Big

By Crispin Sartwell

With regard to arms, economics, and culture, no nation has ever been as powerful as the United States is now. Ironically, for that very reason, few nations have ever been so vulnerable.

First of all, people hate those who wield power over them. Power is not an abstract concept, it's a concrete set of relations in which some people are subordinated by others. We are in the process of crushing cultures all over the world - in particular traditional religious cultures - with or without the willing participation of the people whose ways of life we are replacing with our own.

We would like to think of ourselves as the representatives of liberty, and that is obviously a real and important part of our heritage. But oppression and cultural annihilation are also a real part of our heritage, and they are increasingly the central feature of our present identity. That makes it possible for people all over the world to dehumanize us or indeed satanize us, and to justify in their minds any atrocity against any American.

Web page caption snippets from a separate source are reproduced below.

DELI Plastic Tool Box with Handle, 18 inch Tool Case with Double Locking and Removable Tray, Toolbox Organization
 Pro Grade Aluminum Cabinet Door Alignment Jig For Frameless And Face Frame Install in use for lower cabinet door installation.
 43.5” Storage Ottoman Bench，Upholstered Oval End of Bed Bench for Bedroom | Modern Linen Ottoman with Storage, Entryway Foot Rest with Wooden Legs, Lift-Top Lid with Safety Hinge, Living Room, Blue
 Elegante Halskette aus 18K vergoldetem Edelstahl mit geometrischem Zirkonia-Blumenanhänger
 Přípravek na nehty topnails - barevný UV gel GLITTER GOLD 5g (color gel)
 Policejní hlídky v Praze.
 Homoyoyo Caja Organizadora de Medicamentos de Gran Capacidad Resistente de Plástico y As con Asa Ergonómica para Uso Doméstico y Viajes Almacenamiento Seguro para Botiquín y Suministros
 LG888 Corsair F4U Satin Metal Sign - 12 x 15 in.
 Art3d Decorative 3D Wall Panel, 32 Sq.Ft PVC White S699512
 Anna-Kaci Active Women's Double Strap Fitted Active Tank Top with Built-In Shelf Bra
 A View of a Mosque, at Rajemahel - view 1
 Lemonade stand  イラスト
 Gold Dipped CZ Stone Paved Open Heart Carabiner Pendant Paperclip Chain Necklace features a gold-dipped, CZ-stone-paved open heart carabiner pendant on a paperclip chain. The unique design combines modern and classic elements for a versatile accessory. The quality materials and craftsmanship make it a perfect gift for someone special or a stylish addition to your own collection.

Great consolidations of power necessarily bring with them a syndrome we might call "gigantism." I was in a huge airport the other day, and the recording came over the loudspeakers: "We are at homeland security threat level orange. Please do not leave your baggage unattended," etc. But it struck me that a facility of that size could not really be secured. Its perimeter is too large. There are too many people with too many tickets and bags and badges wandering in and out. Even when the thing bristles with weapons, security devices, and guards, it can't be made safe.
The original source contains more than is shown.